Het aantal equivalent leefloners kende tussen 2008 en 2017 eveneens een grillig, maar dalend verloop. Tussen 2017 en 2022 bleef dat aantal min of meer constant. In 2023 zorgde onder meer de oorlog in Oekraïne voor een verdrievoudiging van het aantal equivalent leefloners. In 2024 en 2025 nam het aantal weer af met respectievelijk 7% en 2%.
(Equivalent) leefloners zijn vooral vrouwen, jongeren en alleenstaanden
Er zijn iets meer vrouwen dan mannen met een leefloon in het Vlaamse Gewest. In 2025 ging het om 51% vrouwen en 49% mannen. Bij het equivalent leefloon is het verschil meer uitgesproken: daar gaat het om 67% vrouwen tegenover 33% mannen.
Het aantal (equivalent) leefloners neemt af met de leeftijd: er zijn meer jongeren dan ouderen met een (equivalent) leefloon.
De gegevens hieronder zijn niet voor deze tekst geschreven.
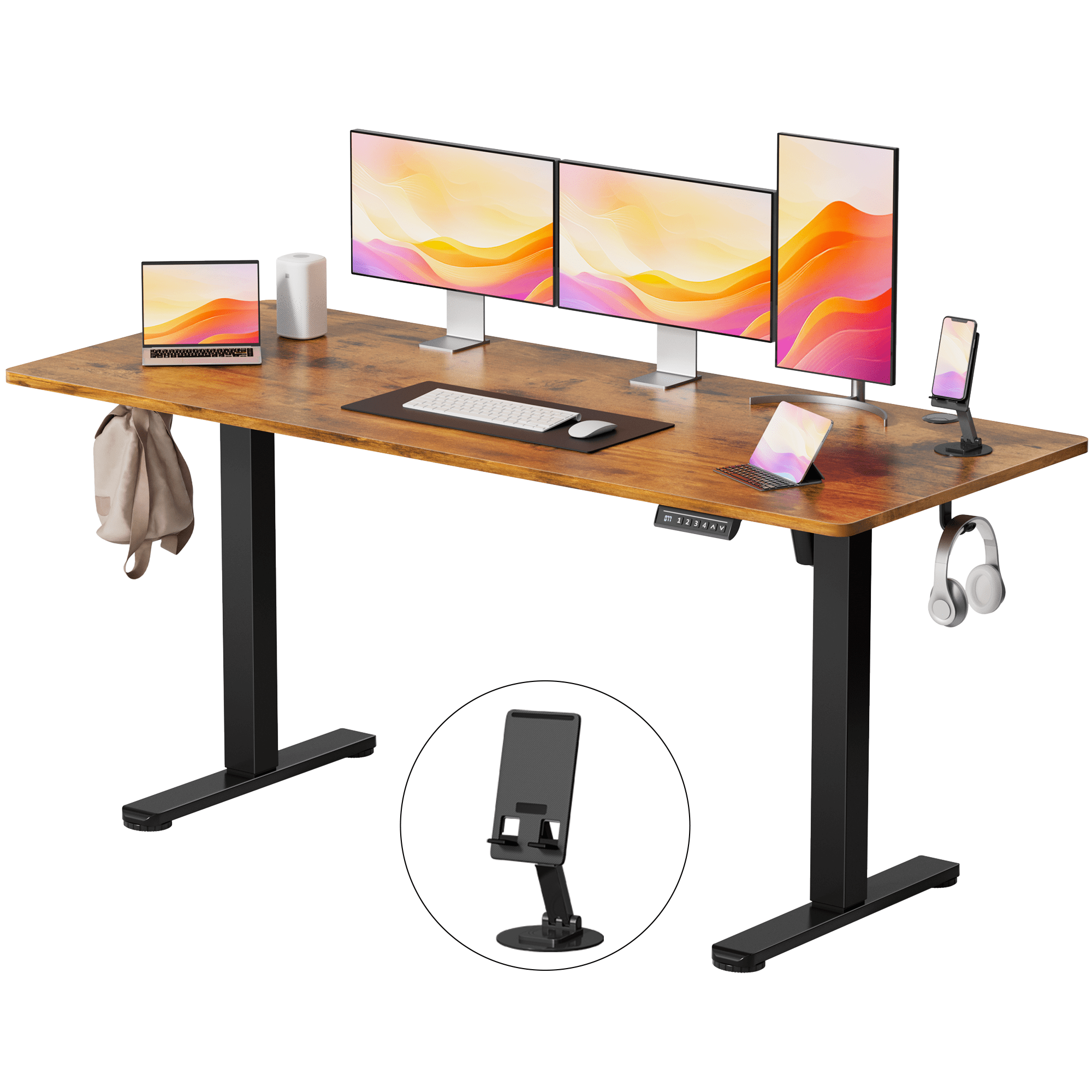 Lacoo 63" x 24" Sit to Stand Desk Height Adjustable Standing Desk Electric Stand up Table with Phone Stand, Rustic Brown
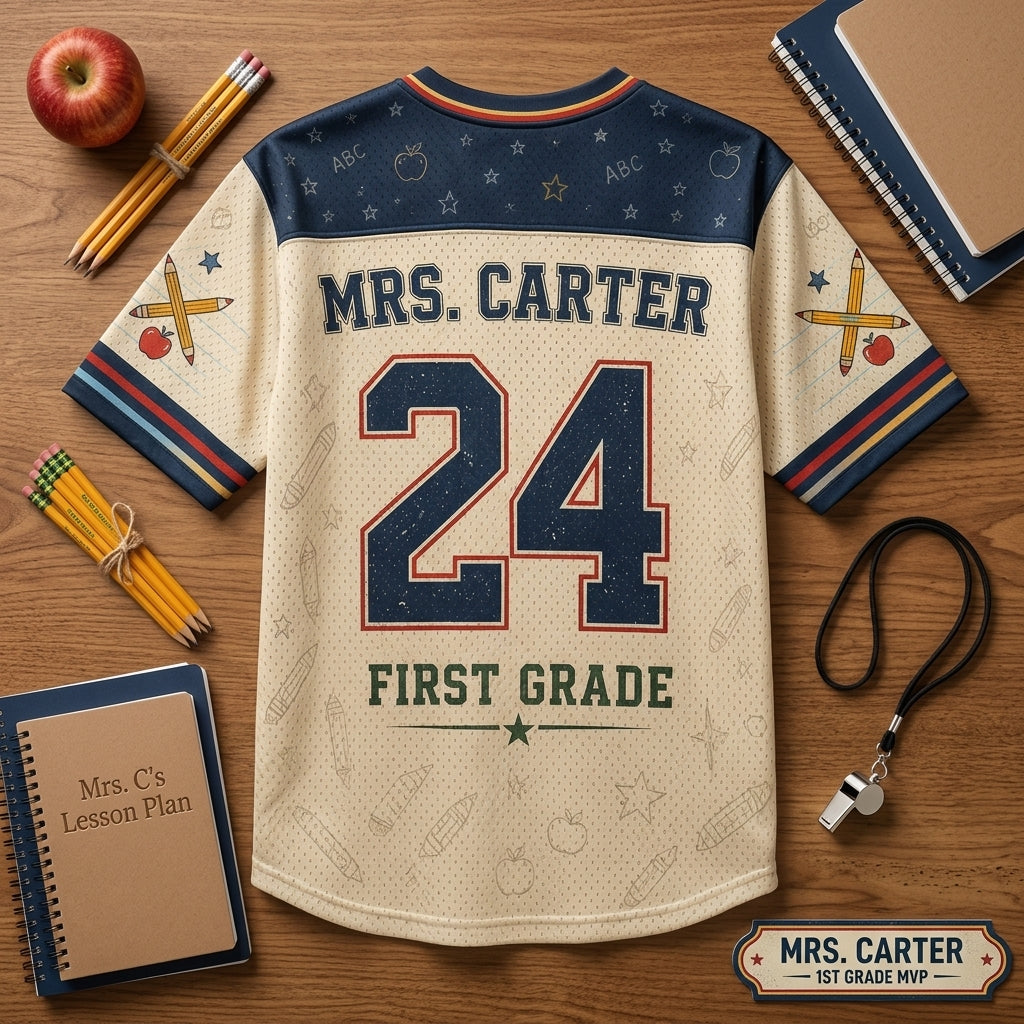 Personalized Teacher Game Day Baseball Jersey - Custom Name and Grade Classroom MVP Shirt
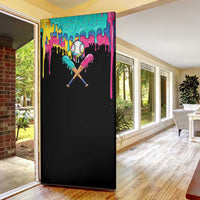 100 Days of School Baseball Door Cover with Sweet Melting Drip Pattern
Wel is er een vrij hoog aandeel 65-plussers in het totaal aantal personen met een equivalent leefloon (17%). Dat hangt samen met het feit dat niet-Belgen geen recht hebben op de inkomensgarantie voor ouderen (IGO). Daarom kunnen zij ook als 65-plusser nog gebruik blijven maken van een equivalent leefloon.
Er zijn in 2025 meer alleenstaanden (39%) dan personen met een gezin ten laste (31%) of samenwonenden (30%) in de groep personen met een leefloon. Bij het equivalent leefloon vormen de samenwonenden (42%) de grootste groep.
Hoger aandeel met (equivalent) leefloon in de steden
In de ligt het aandeel personen met een (equivalent) leefloon in de totale bevolking hoger dan in andere gemeenten. In 2025 lag het aandeel het hoogst in Oostende (2,7%), Gent (2,4%) en Mechelen (2,1%). In kleinere gemeenten zoals Herstappe (0,0%), Horebeke (0,0%) en Mesen (0,1%) waren er in 2025 amper personen met een (equivalent) leefloon.
Aandeel met (equivalent) leefloon in Vlaams Gewest lager dan in andere gewesten
Begin 2025 ontving in het Vlaamse Gewest 0,9% van de bevolking een (equivalent) leefloon. In het Waalse Gewest ging het om 2,3% van de bevolking, in het Brusselse Hoofdstedelijke Gewest om 4,4% en in België als geheel om 1,7% van de bevolking.